Nobody knows what will happen to it - a leftover from the fall of Lehman Brothers. And no one is even starting to talk about the $1 trillion black hole of credit-card debt which may well swallow two remaining US bank giants, JPMorgan Chase and Bank of America.

The now indispensable Nouriel Roubini, the New York University professor who predicted the financial crisis way back in 2006, is adamant: this will be the worst US recession in 40 years, lasting as long as 24 months, with unemployment reaching 9% and depressed home prices falling another 15%.

Roubini stresses, "The US government will need to double its purchase of bank stakes and force lenders to eliminate dividends to save them from bankruptcy." And forget about a market rally. "The stock market is going to stop rallying soon enough when they see the economy is really tanking right now."

As for total credit losses from the subprime mortgage market meltdown, they will be "closer to $3 trillion", up from his initial estimate of $1 trillion to $2 trillion. Last week, the (discredited) International Monetary Fund said it would be $1.4 trillion. The IMF is now warning of imminent "systemic meltdown".

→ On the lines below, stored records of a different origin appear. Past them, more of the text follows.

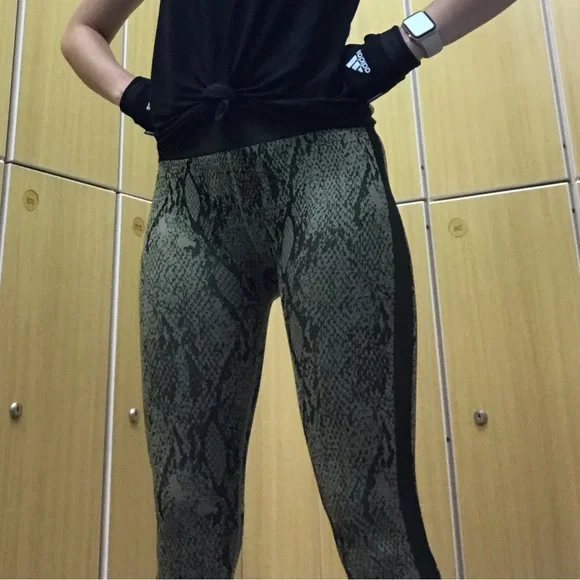 Fabletics Set - Picture 9 of 10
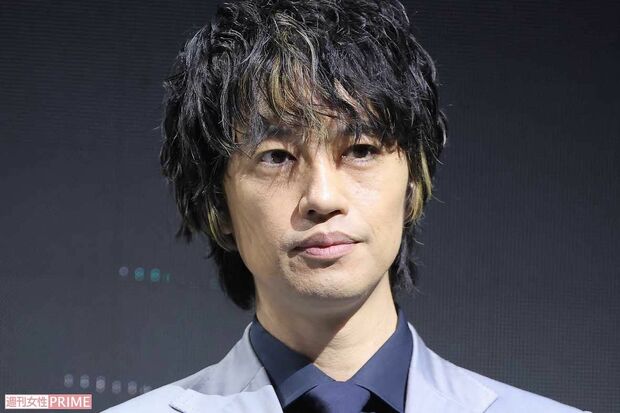 斎藤工が映画『港のひかり』で演じる役の衝撃的なビジュアル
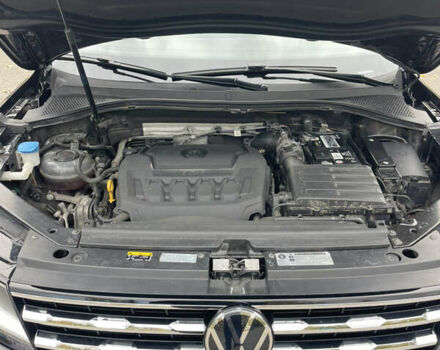 Черный Фольксваген Тигуан, объемом двигателя 1.98 л и пробегом 129 тыс. км за 18500 $, фото 27 на Automoto.ua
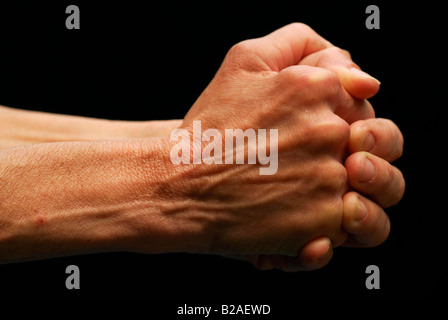 59-year-old woman's hands, symptômes de l'arthrite Banque D'Images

And that's nothing compared to warnings from former Comptroller General David Walker - the head of the US government's accountability office for 10 years. Walker told talk show host Bill Maher "both these guys that are running right now will only make it worse. The bottom line is both of their proposals will make our debts and our deficits worse."

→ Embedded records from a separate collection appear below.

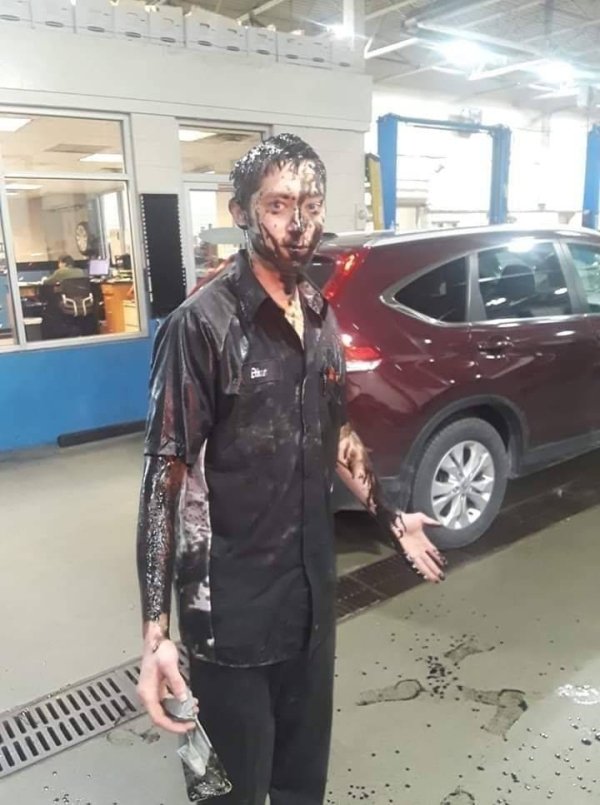 These Can Only Happen At Work (37 pics)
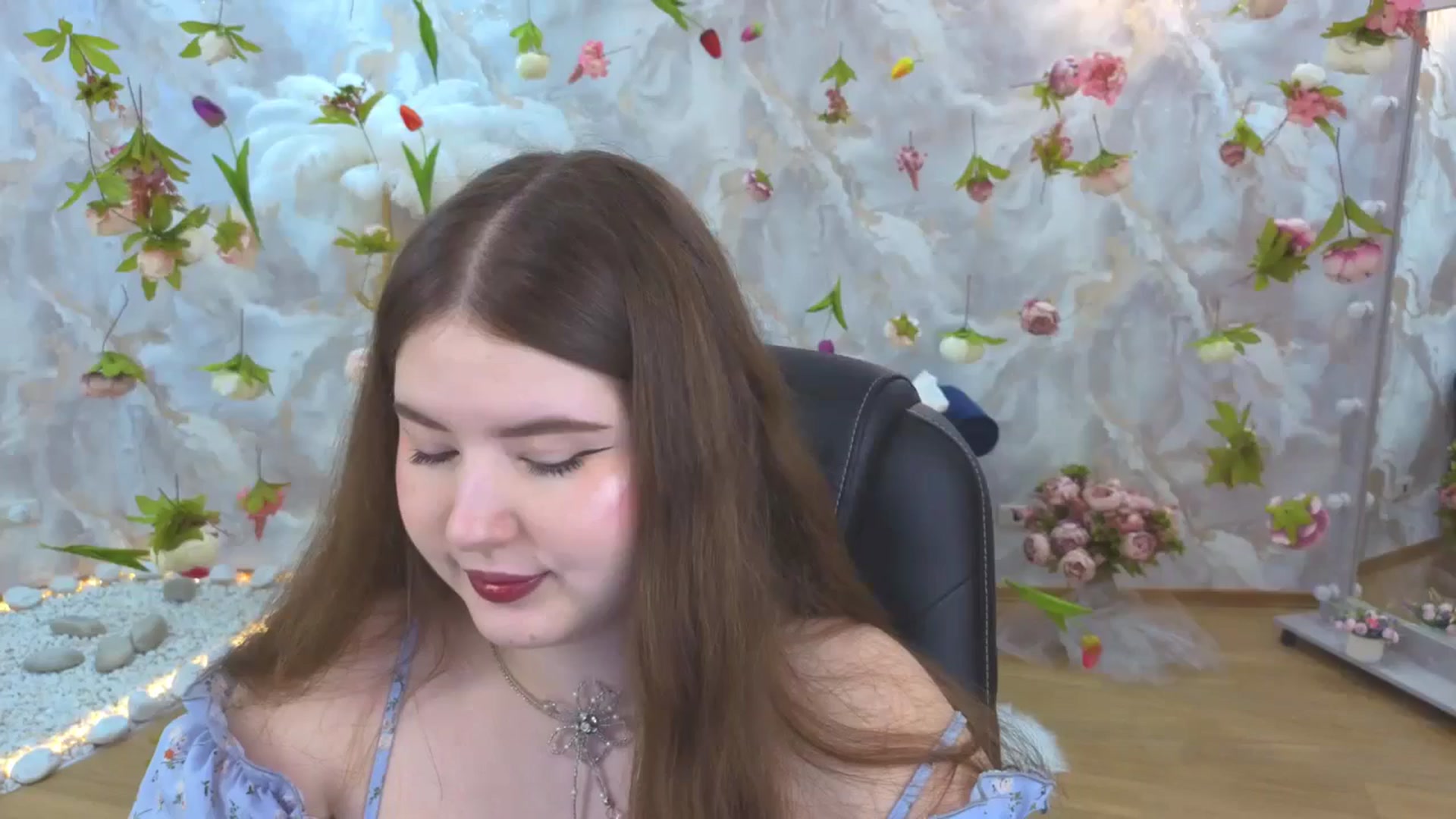 Gallery image thumbnail from EnigmaVeil's myfreecams stream on, 03/30/2026, 19:48 image 19 of 20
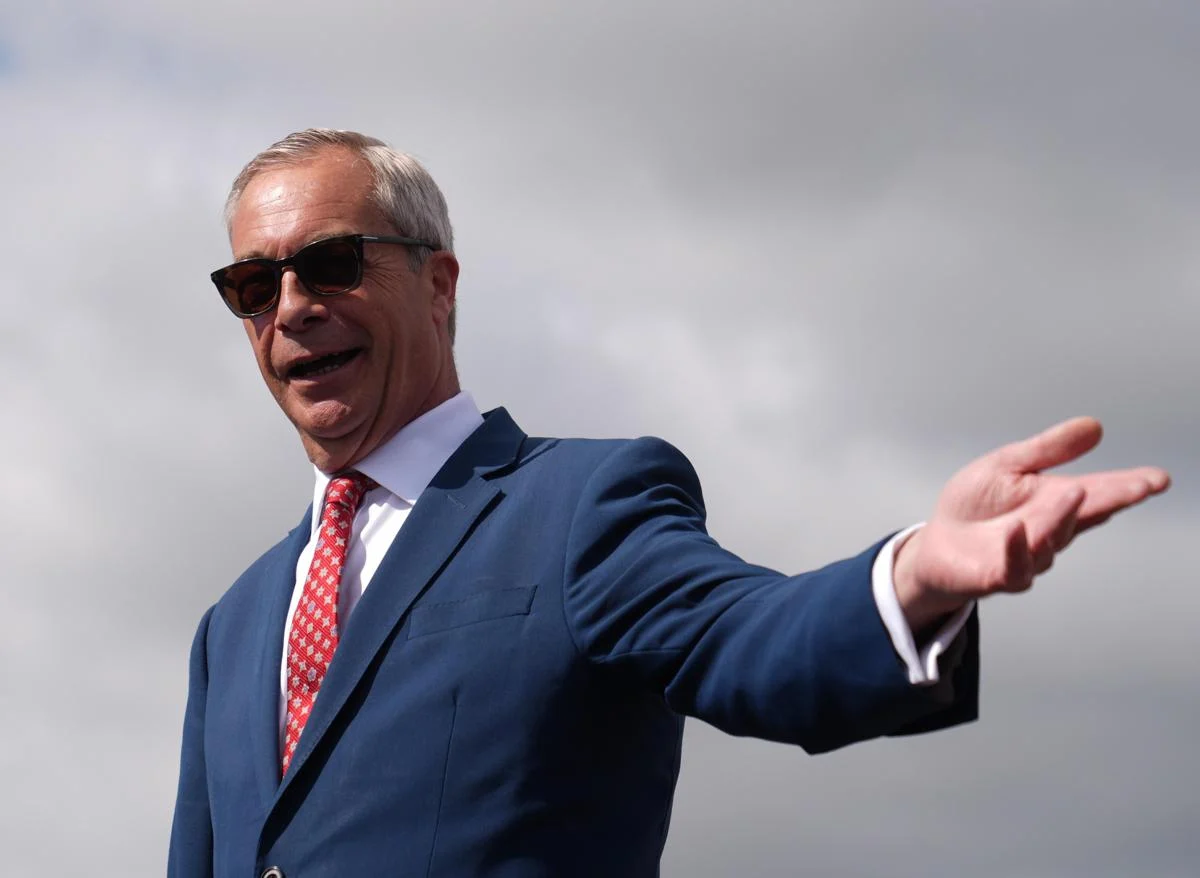 Nigel Farage: “Mi dimetto da deputato e mi candido alle suppletive a Clacton”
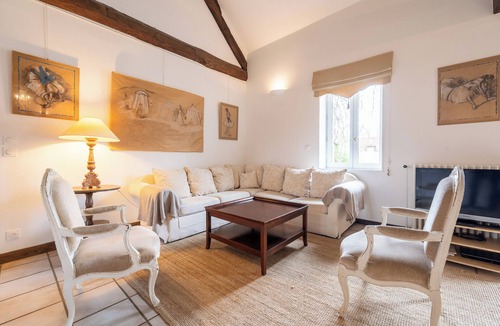 La Houssaye-en-Brie Cottage | Charming gite - 12 p., 18 Km from Disneyland (45 km from Paris)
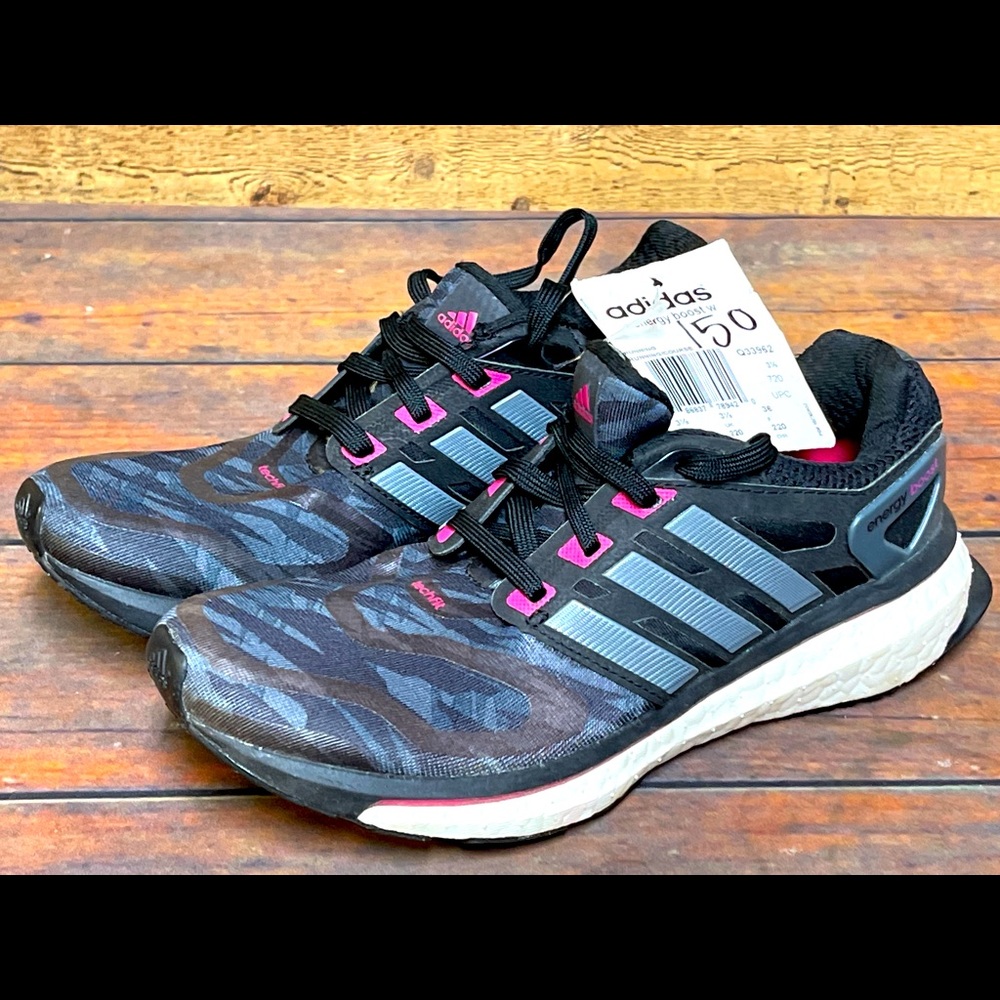 Adidas boost running tennis shoes Sz 5 $150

Maher and Walker joked that the debt clock in New York has run out of digits. According to Walker, "The number that they were showing was over $10 trillion. We got over $40 trillion more off the balance sheet. This country is in a $55 trillion hole. That's $480,000 per household [compare it to median household income in America, which is less than $50,000 a year]. That's the number we need to be focusing on. It goes up by $2 to $3 trillion a year even with a balanced budget." And all this on top of urgent, necessary reforms of social security, the health care system, and the tax system.